Data items:
• • • • • • •
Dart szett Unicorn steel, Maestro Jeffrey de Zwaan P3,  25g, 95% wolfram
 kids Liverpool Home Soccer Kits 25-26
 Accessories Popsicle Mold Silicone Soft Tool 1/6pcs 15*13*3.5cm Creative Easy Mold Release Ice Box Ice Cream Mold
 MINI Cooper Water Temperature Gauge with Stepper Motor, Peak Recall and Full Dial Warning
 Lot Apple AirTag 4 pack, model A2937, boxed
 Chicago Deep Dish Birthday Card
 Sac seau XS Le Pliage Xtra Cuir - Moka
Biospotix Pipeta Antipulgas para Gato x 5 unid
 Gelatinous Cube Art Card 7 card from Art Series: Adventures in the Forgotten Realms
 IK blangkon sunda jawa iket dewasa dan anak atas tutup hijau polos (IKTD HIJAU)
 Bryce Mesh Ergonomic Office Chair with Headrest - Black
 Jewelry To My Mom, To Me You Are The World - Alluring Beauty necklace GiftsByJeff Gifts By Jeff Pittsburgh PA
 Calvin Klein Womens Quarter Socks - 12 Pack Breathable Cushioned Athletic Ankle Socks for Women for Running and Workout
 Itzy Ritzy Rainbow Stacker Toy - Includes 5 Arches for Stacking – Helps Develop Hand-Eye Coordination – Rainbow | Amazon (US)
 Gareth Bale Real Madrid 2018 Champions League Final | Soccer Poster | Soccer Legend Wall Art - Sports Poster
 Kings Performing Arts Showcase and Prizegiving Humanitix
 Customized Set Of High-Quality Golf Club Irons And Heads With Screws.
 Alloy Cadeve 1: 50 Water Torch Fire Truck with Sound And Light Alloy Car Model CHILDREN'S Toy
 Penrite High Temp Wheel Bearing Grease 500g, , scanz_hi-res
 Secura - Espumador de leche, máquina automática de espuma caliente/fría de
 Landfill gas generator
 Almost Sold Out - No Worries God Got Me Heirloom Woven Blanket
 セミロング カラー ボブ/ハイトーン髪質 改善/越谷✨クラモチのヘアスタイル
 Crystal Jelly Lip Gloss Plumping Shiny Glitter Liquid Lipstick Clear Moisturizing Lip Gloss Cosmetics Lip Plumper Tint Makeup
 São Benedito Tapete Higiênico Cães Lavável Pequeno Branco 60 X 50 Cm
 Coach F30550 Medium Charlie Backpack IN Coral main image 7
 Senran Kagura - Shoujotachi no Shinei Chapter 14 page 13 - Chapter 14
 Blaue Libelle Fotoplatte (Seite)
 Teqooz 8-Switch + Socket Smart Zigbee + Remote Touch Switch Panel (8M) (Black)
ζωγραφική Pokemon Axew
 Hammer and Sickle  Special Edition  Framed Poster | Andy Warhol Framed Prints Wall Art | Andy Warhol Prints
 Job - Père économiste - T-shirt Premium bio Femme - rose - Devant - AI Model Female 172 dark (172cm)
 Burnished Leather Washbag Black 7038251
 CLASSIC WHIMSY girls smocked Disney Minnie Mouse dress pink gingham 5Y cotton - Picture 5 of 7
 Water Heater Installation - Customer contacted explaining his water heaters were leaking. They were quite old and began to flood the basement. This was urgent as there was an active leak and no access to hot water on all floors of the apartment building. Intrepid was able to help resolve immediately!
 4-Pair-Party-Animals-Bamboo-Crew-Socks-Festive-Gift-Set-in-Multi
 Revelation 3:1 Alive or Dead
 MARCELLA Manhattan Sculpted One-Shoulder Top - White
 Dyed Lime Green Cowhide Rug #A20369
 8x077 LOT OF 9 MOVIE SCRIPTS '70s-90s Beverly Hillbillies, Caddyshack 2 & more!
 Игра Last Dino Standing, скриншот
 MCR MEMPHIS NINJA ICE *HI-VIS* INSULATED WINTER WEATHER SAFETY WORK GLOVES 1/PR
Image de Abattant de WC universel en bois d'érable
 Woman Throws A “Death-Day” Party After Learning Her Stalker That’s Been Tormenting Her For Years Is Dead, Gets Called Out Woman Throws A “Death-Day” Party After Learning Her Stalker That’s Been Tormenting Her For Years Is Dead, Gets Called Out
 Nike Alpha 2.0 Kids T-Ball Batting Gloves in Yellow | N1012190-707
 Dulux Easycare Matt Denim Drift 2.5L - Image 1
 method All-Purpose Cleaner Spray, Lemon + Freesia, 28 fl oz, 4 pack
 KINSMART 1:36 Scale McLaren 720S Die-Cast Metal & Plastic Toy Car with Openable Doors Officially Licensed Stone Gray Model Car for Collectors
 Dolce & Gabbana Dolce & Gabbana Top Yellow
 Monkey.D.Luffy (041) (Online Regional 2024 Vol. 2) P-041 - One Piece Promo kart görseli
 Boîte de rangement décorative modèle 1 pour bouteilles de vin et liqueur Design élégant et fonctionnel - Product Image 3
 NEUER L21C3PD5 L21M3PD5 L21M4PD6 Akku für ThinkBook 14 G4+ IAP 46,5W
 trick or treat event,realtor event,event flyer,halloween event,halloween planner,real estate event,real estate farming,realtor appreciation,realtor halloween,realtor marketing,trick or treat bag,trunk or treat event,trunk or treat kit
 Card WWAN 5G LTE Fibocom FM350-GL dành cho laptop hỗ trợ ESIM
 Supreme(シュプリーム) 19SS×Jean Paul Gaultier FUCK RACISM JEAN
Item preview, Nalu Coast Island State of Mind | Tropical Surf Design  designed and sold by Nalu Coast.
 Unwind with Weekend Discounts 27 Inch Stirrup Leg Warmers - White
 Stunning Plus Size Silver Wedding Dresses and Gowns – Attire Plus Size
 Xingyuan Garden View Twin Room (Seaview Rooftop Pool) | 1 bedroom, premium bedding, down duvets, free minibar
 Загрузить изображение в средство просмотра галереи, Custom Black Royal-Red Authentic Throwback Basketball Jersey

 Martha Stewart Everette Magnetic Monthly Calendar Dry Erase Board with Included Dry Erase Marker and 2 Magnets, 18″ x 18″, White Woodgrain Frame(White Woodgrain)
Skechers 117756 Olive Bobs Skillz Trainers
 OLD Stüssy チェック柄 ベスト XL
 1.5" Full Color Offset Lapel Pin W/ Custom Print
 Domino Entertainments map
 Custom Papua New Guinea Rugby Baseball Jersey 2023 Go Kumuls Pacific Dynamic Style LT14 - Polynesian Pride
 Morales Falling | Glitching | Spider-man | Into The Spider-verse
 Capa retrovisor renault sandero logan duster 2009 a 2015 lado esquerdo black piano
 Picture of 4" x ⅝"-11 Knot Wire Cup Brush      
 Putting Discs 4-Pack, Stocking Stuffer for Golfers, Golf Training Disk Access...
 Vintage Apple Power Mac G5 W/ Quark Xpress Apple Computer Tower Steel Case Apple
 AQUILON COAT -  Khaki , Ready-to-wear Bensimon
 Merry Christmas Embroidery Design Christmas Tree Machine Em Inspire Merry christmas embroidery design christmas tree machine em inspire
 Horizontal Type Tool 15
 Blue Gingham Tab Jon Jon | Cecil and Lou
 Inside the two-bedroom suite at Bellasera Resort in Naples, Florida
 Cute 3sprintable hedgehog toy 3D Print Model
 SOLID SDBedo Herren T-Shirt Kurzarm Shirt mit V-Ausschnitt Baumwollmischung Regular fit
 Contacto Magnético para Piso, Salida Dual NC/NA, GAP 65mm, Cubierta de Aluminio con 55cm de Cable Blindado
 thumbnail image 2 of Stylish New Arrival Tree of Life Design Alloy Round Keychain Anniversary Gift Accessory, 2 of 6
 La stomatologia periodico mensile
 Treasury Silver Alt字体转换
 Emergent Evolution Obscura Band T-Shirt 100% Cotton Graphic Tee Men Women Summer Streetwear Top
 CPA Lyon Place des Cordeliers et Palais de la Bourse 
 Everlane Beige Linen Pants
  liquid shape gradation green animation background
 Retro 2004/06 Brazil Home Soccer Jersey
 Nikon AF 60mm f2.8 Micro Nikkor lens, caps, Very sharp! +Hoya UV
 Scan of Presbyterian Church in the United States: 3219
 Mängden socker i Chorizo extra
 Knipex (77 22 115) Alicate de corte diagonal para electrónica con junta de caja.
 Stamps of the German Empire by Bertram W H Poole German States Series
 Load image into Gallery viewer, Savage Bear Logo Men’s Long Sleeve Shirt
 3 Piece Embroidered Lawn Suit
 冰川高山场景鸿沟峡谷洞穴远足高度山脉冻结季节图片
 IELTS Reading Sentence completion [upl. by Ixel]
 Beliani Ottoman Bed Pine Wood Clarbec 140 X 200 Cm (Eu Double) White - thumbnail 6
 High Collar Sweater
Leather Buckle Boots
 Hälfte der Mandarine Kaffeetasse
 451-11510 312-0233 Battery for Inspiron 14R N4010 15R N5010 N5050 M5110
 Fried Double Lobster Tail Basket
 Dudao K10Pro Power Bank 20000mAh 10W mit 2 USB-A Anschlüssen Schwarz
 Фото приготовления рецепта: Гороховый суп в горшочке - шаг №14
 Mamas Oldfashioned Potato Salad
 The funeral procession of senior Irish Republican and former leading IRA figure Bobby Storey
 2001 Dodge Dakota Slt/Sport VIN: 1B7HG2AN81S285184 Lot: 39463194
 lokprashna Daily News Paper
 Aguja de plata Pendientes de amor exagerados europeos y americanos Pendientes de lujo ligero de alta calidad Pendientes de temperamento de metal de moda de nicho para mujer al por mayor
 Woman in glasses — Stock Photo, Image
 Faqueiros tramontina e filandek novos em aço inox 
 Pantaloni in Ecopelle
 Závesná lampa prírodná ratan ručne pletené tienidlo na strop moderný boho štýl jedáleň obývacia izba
• • • • • • •
In the data above, start at the line that has "Contacto Magnético para", stop after the line that has "Everlane Beige Linen Pants", and print every line in between exactly as it stands.

 Contacto Magnético para Piso, Salida Dual NC/NA, GAP 65mm, Cubierta de Aluminio con 55cm de Cable Blindado
 thumbnail image 2 of Stylish New Arrival Tree of Life Design Alloy Round Keychain Anniversary Gift Accessory, 2 of 6
 La stomatologia periodico mensile
 Treasury Silver Alt字体转换
 Emergent Evolution Obscura Band T-Shirt 100% Cotton Graphic Tee Men Women Summer Streetwear Top
 CPA Lyon Place des Cordeliers et Palais de la Bourse 
 Everlane Beige Linen Pants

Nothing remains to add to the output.